Here are results for all of the tests run on the 10 million and 100 million count datasets:

Ok ok, it’s probably the worst chart you’ve seen today, but I found it useful just to get a high-level sense of the data. Perhaps more helpful is to compare the average time per scenario:

As we can see here, straight integer sorting is faster, although on small datasets hardly noticeable. As the data gets larger, integers become more effective but a worrying trend is that the time it takes to generate the integers significantly increases, too. There is a lot of one-time cost to get those integers added to the data.

Let’s look at a bit more detail and see how the order of the data affects speed of sorting:

As expected, randomly distributed data takes a lot longer to sort than sorted data. Whether the data is already sorted in ascending or descending order does not seem to impact performance. So the primary driver of performance is how randomly the keys are distributed. And again, we see that the cost of adding keys is quite significant.

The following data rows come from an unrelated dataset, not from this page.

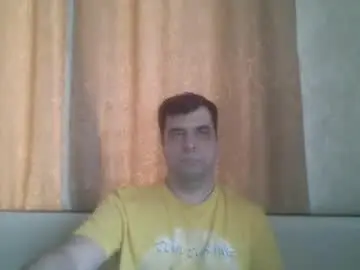 Chaturbate Live Sex Cam of rusqadisx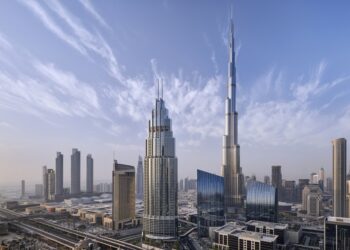 “Kids go free” at Dubai Summer Getaway with Kempinski Central Avenue and Kempinski The Boulevard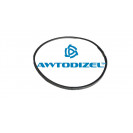 Ремень 1-8,5*8*1320 вентилятора КАМАЗ "БРТ"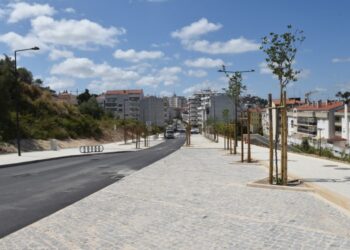 “Resultado” das obras em avenidas de Leiria “compensa os transtornos”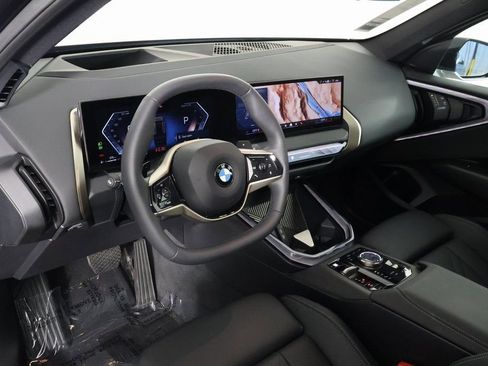 Certified 2025 BMW X3 xDrive30 w/ Premium Package AWD/4WD image 7
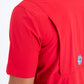 red portage performance shirt men platini detail-3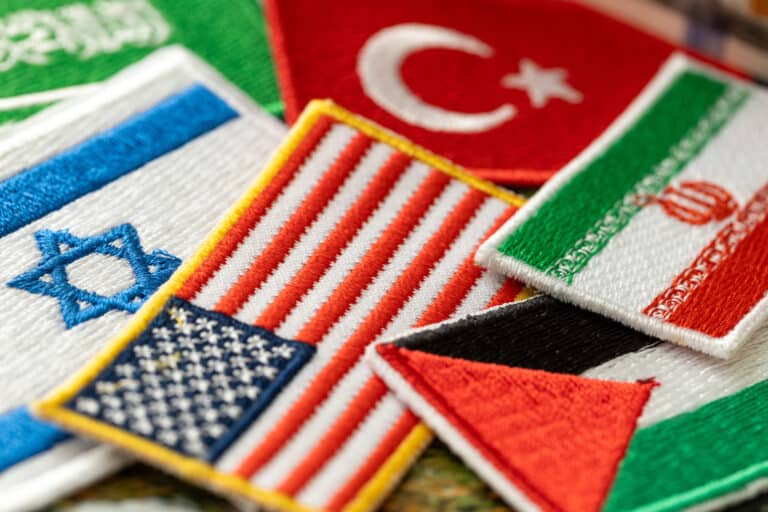 Как эскалация конфликта Израиля, США и Ирана отразится на Узбекистане — мнение эксперта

One interesting takeaway by looking at the results of the 10 million and 100 million row datasets side-by-side is that integer performance is scaling mostly linearly. The randomly distributed string performance is almost linear as well, but the presorted string performance is not. I really don’t know how important this is, but it’s something I am putting in my back pocket to think about later.

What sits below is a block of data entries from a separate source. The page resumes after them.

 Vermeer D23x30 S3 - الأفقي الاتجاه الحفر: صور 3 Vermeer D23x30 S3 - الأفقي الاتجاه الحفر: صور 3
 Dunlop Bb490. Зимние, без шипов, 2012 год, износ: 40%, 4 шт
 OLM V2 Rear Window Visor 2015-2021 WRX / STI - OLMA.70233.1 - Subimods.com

Finally, you will notice that these charts have not included the 1 billion row dataset. I ran 1 test of the randomly distributed 1 billion row dataset and compared it to the other 2 datasets on a logarithmic scale:

My conclusion is that 1 billion rows behaves very similarly to 10 million and 100 million rows, only more so. Because it takes over an hour to run a single test on 1 billion rows, I stopped here to save time.

Conclusion

Honestly, this wasn’t the answer I was hoping for. Integers are obviously faster than strings, but there is a significant upfront cost of generating the integers. This situation seems to be a classic break-even analysis. Unless there are a lot of sorts or joins over which the fixed cost of generating the integers can be spread, the cost of creating the integers does not make sense. At this point I need to decide which, if any, of my datasets would benefit from adding integer keys. There may also be opportunities for optimizing the algorithm which generates the keys to make it faster. But at this point in time, the answer seems to be that adding integer keys does not make sense for the vast majority of the data I use.